**What to produce:** Please transcribe only the lines between the one containing "Basanti Nishan Sahib" and the end of the records, both ends included, exactly as written; skip every picture.

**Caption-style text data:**
_ _ _ _ _ _ _
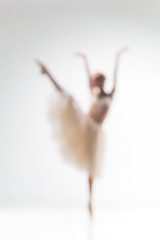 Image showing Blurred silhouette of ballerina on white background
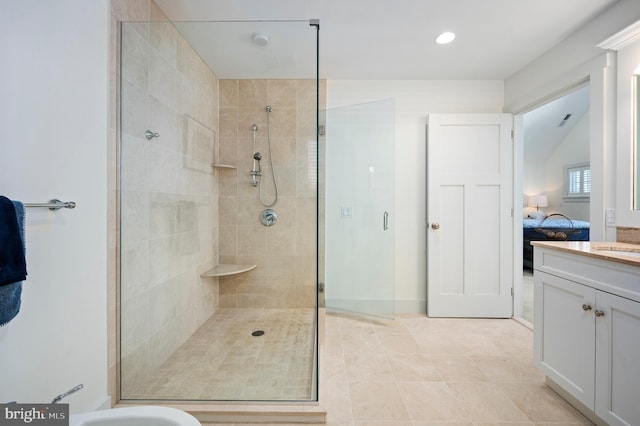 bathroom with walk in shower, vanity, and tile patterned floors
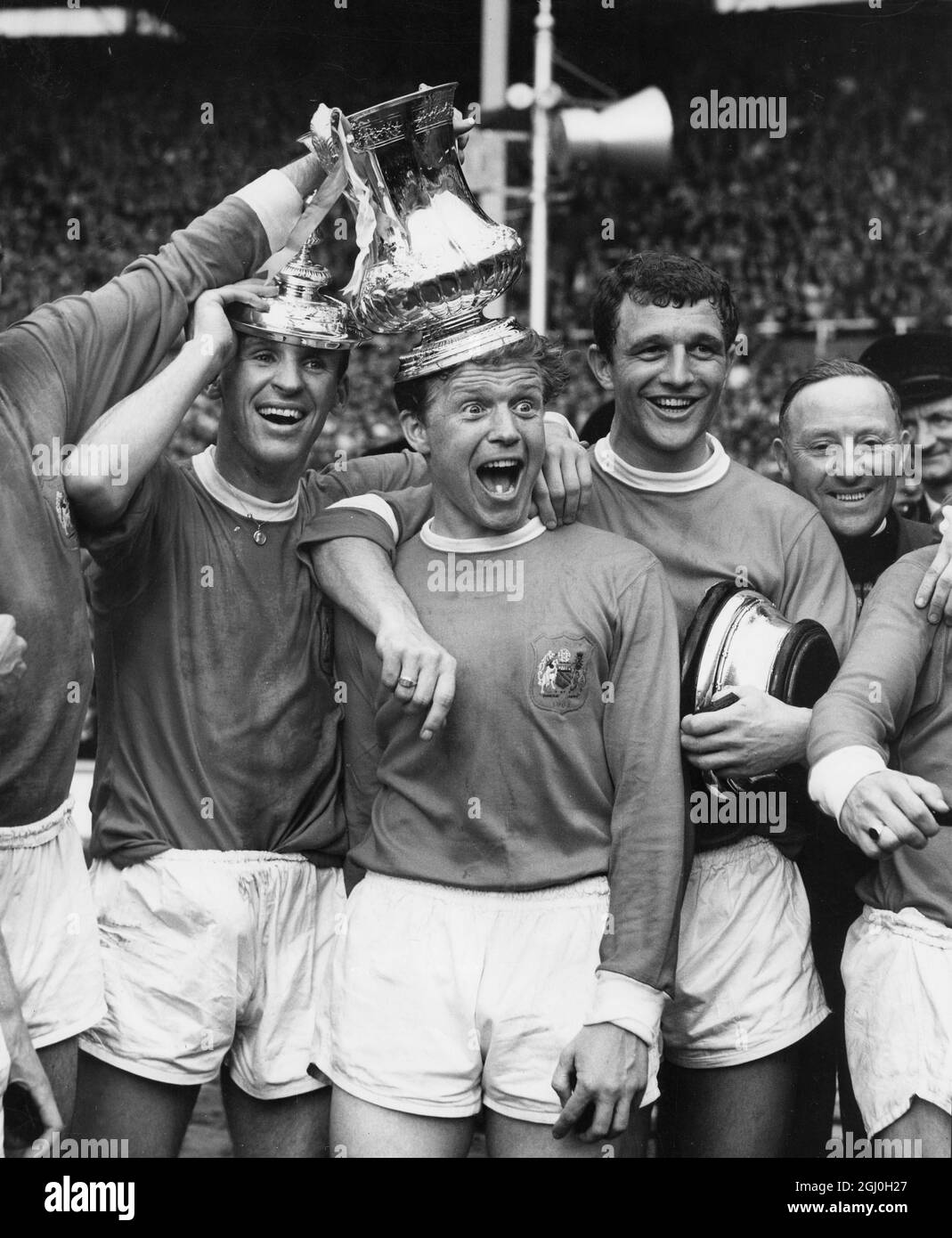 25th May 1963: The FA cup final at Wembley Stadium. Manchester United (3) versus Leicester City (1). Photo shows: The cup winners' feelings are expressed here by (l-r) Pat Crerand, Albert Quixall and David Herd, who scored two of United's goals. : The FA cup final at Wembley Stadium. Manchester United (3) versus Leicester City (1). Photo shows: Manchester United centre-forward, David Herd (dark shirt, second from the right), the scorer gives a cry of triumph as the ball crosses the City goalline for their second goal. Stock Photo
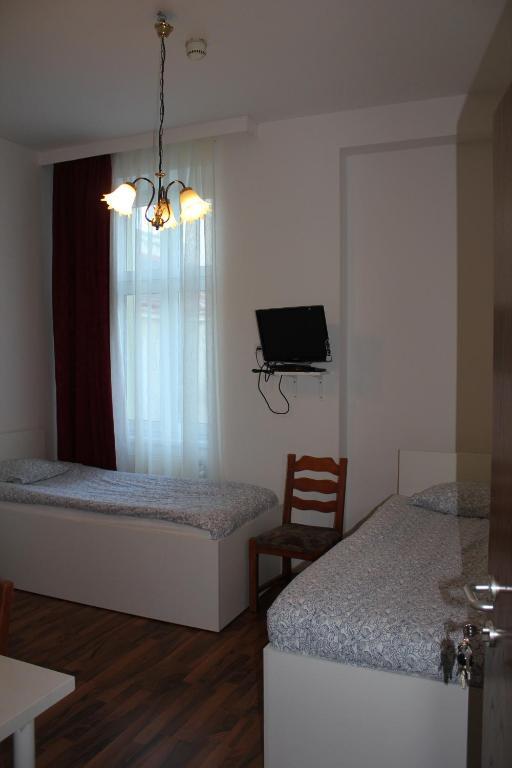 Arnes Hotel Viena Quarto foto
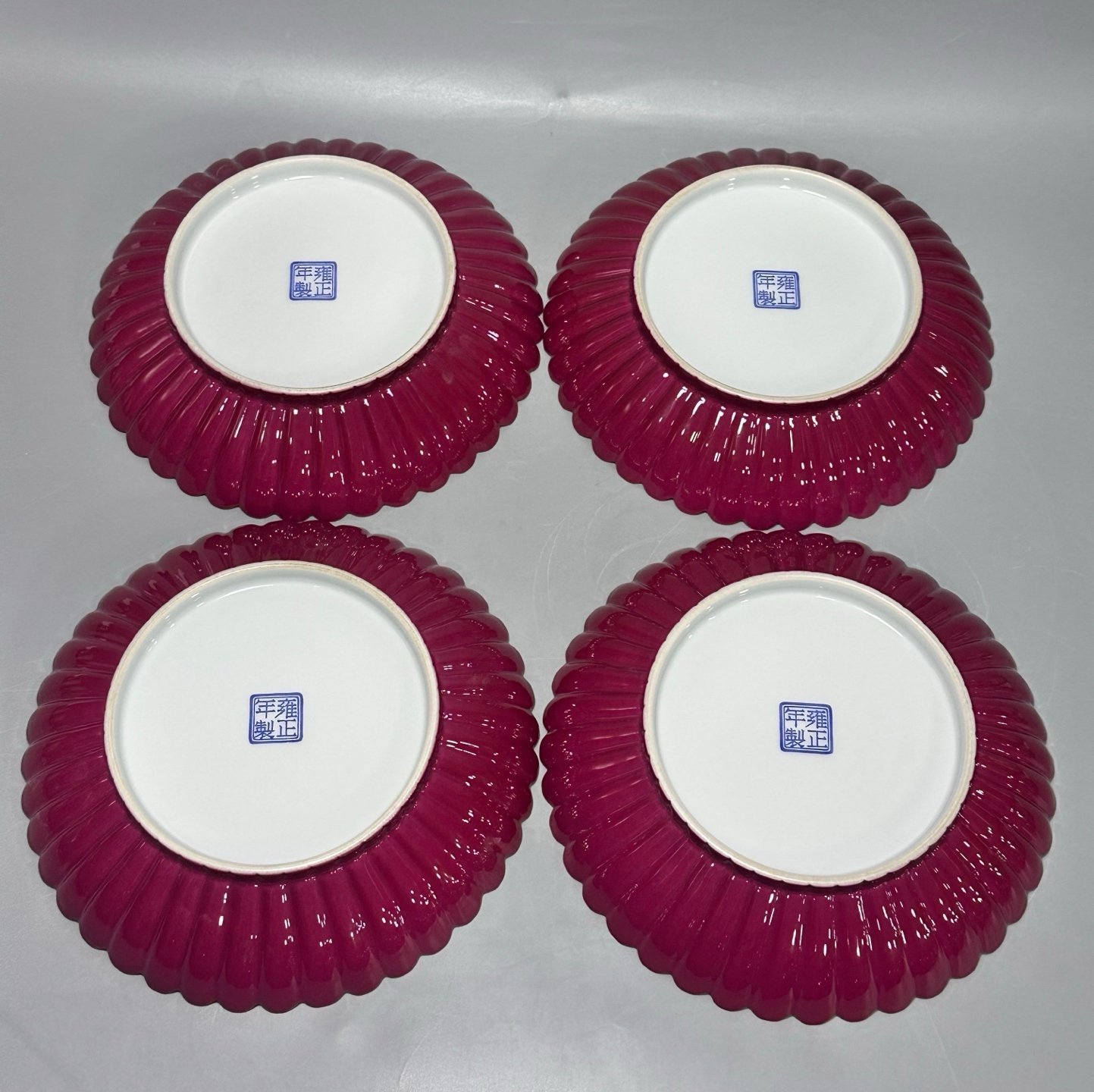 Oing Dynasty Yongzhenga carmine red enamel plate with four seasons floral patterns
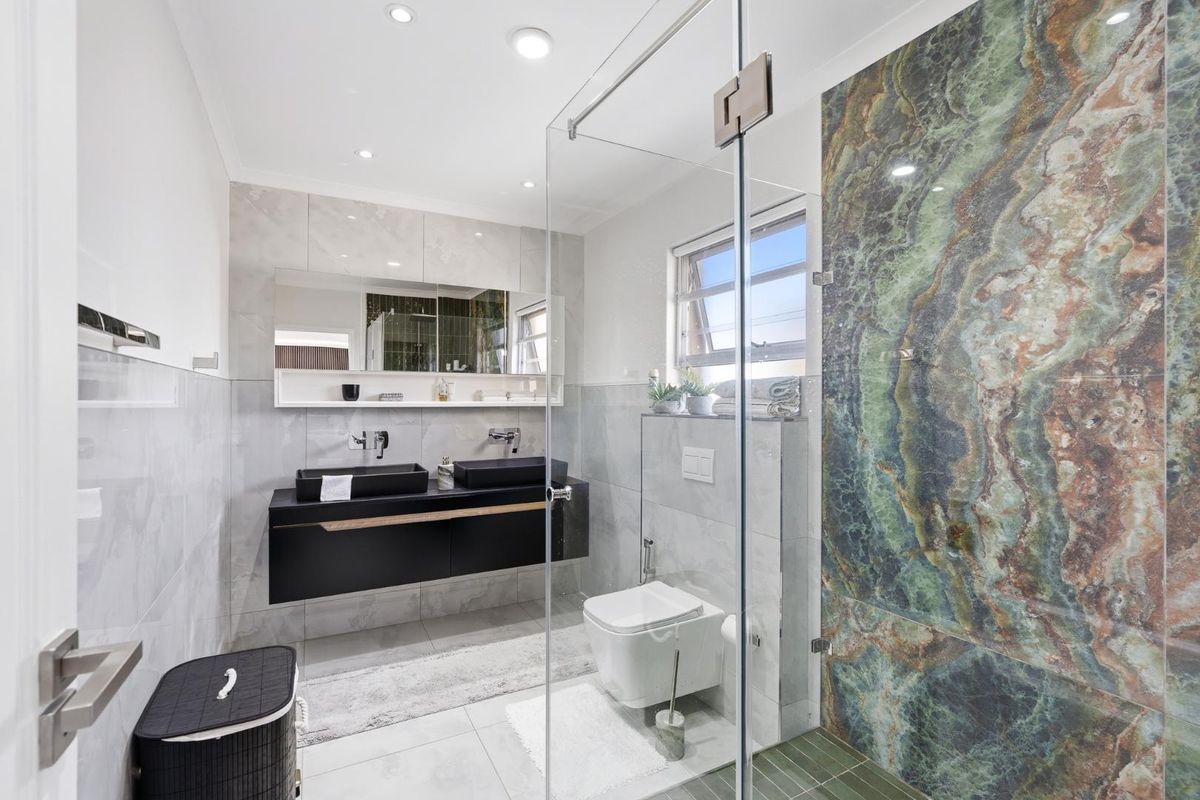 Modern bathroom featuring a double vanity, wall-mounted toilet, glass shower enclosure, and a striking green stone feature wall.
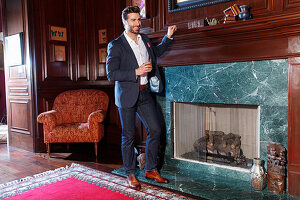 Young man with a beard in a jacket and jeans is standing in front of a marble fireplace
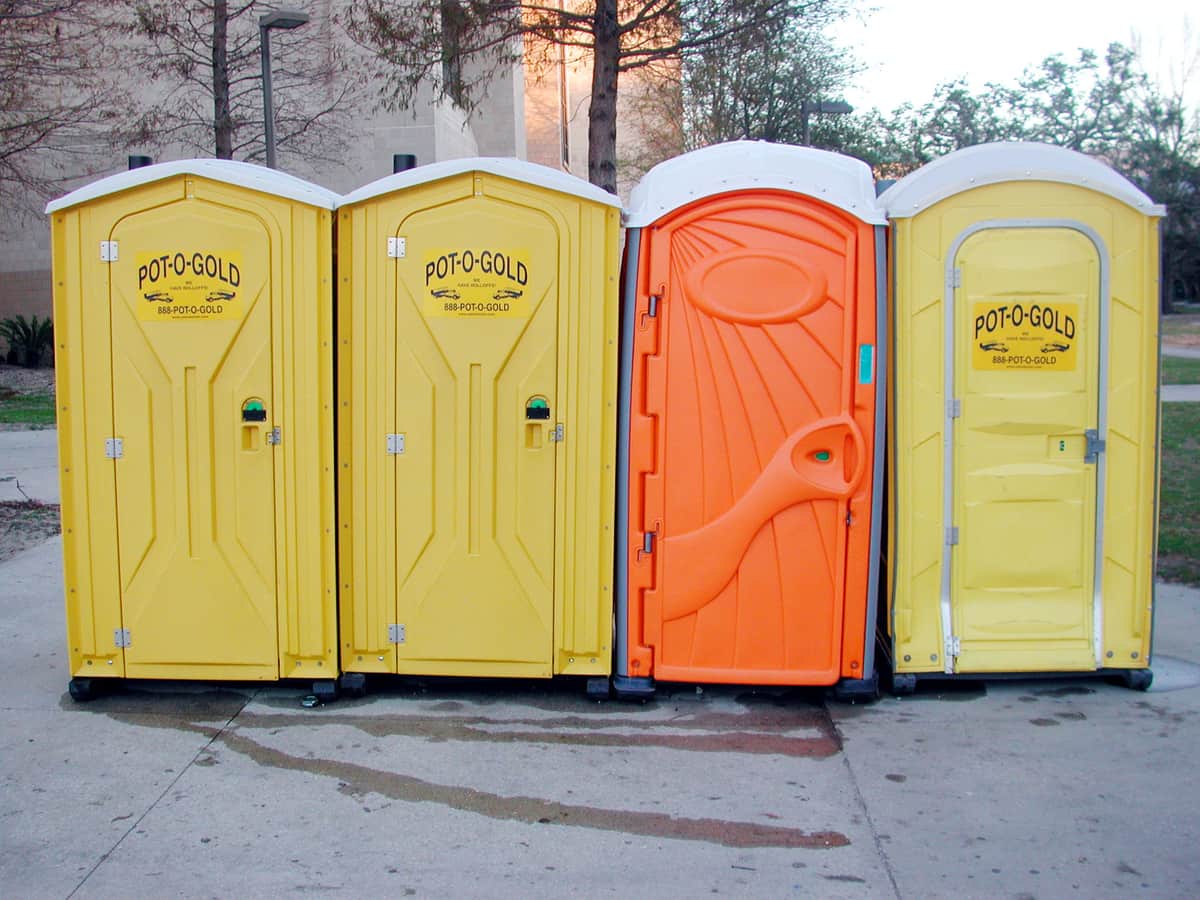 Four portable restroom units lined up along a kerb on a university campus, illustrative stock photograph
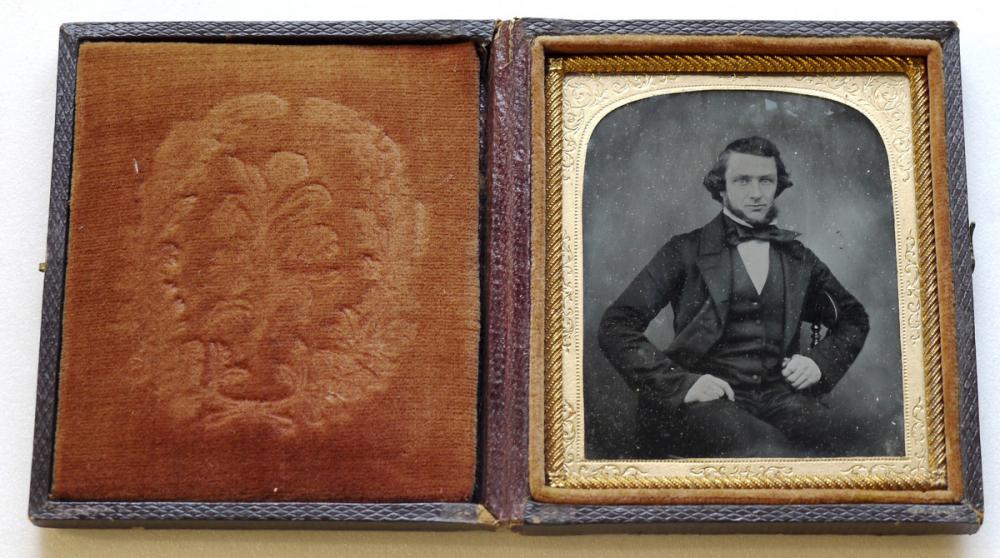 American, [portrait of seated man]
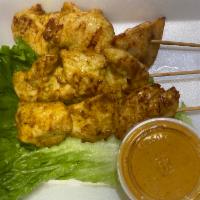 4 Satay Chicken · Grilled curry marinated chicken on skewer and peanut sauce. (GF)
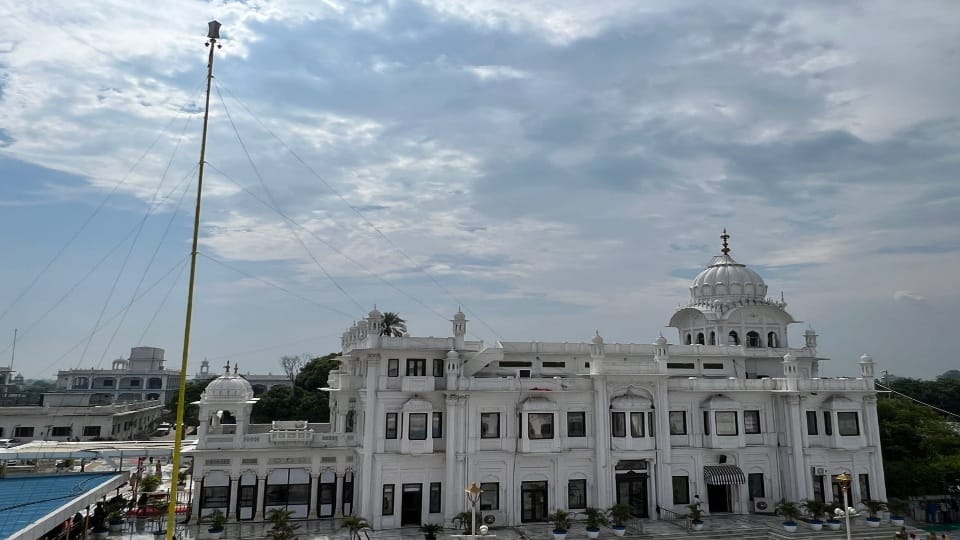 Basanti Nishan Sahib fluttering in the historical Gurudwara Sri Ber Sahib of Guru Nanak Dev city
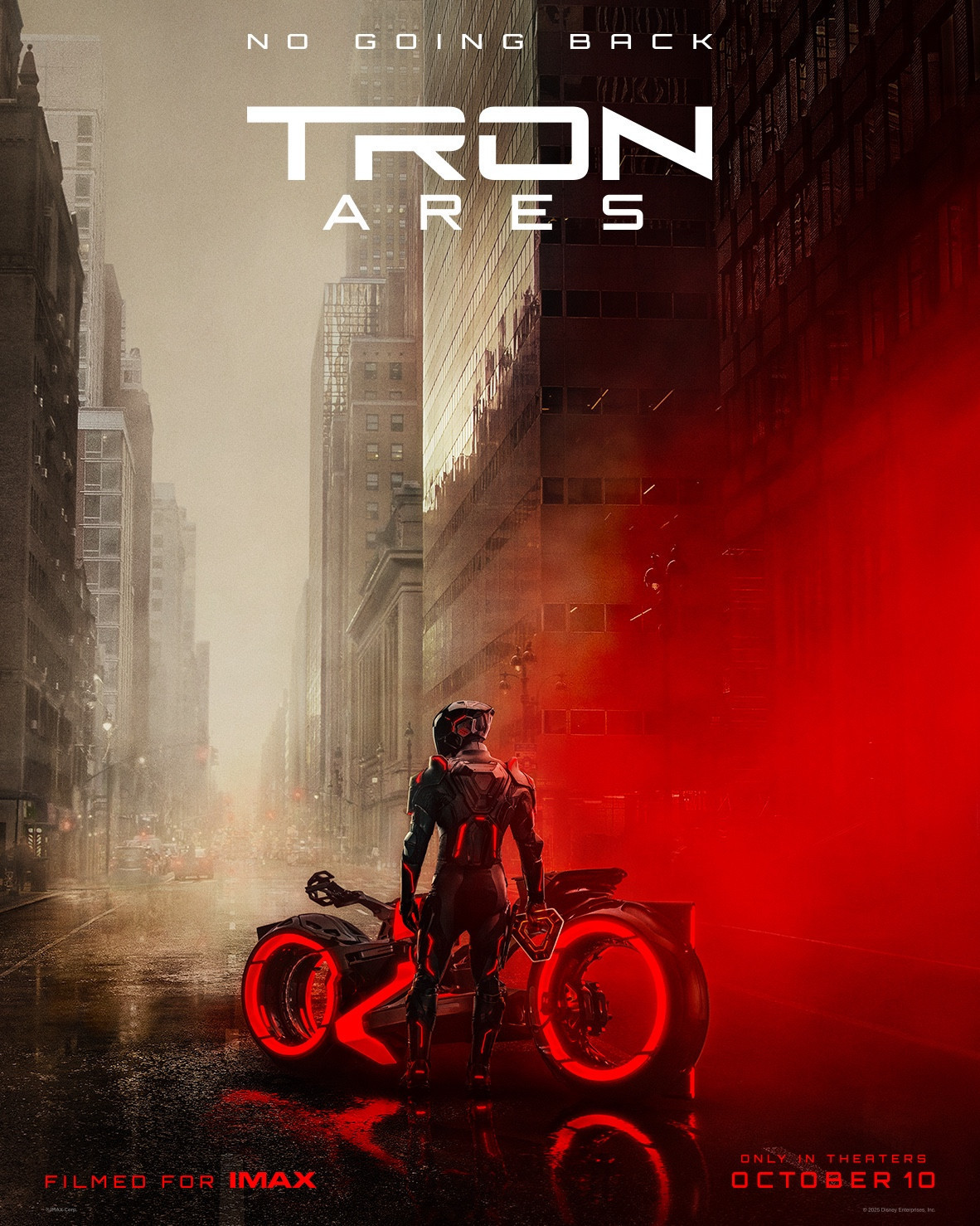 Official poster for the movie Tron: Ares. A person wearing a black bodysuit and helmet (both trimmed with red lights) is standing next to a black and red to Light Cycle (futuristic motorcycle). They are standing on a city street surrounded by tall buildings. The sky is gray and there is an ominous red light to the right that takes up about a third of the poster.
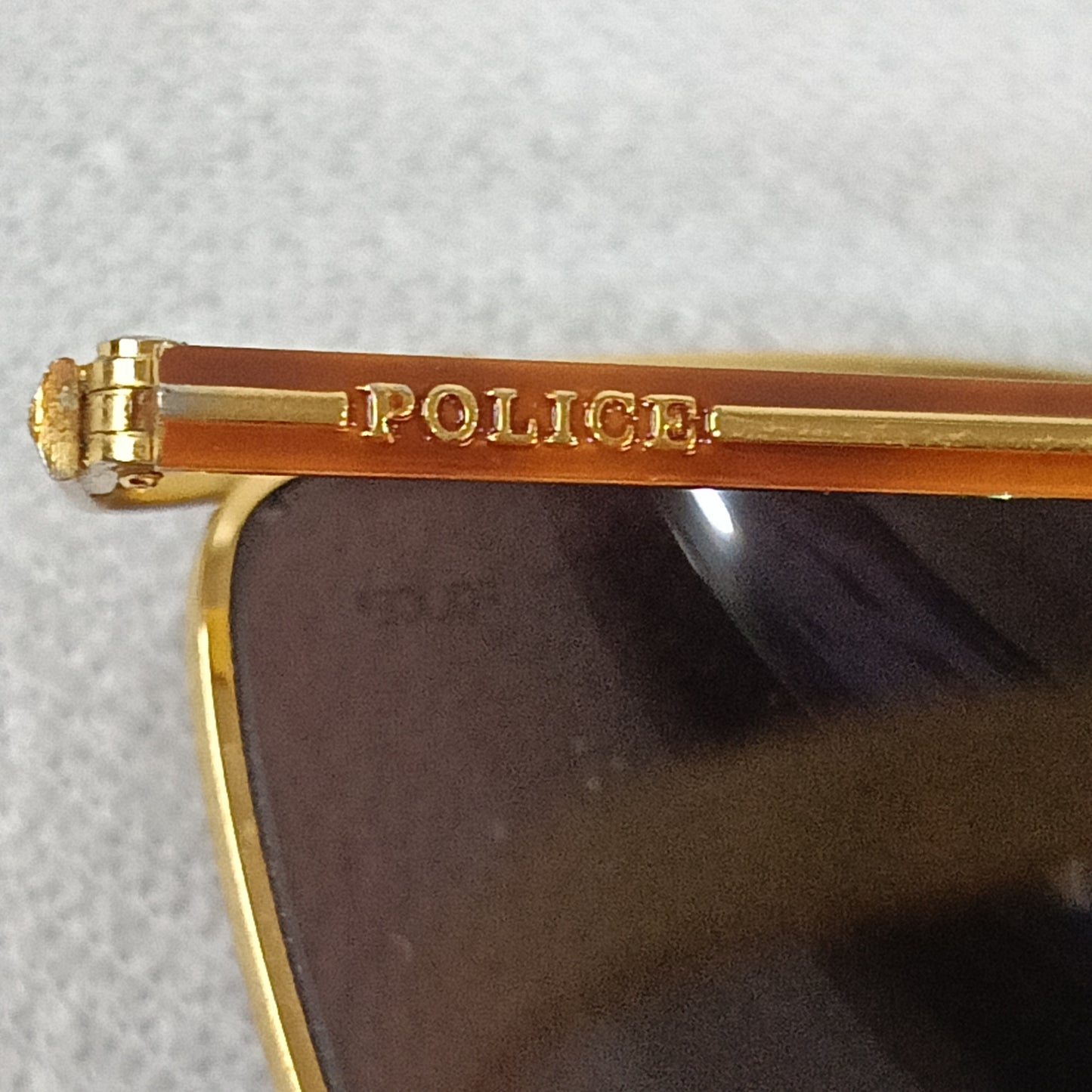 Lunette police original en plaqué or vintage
_ _ _ _ _ _ _
**Exercise response:**
 Basanti Nishan Sahib fluttering in the historical Gurudwara Sri Ber Sahib of Guru Nanak Dev city
 Official poster for the movie Tron: Ares. A person wearing a black bodysuit and helmet (both trimmed with red lights) is standing next to a black and red to Light Cycle (futuristic motorcycle). They are standing on a city street surrounded by tall buildings. The sky is gray and there is an ominous red light to the right that takes up about a third of the poster.
 Lunette police original en plaqué or vintage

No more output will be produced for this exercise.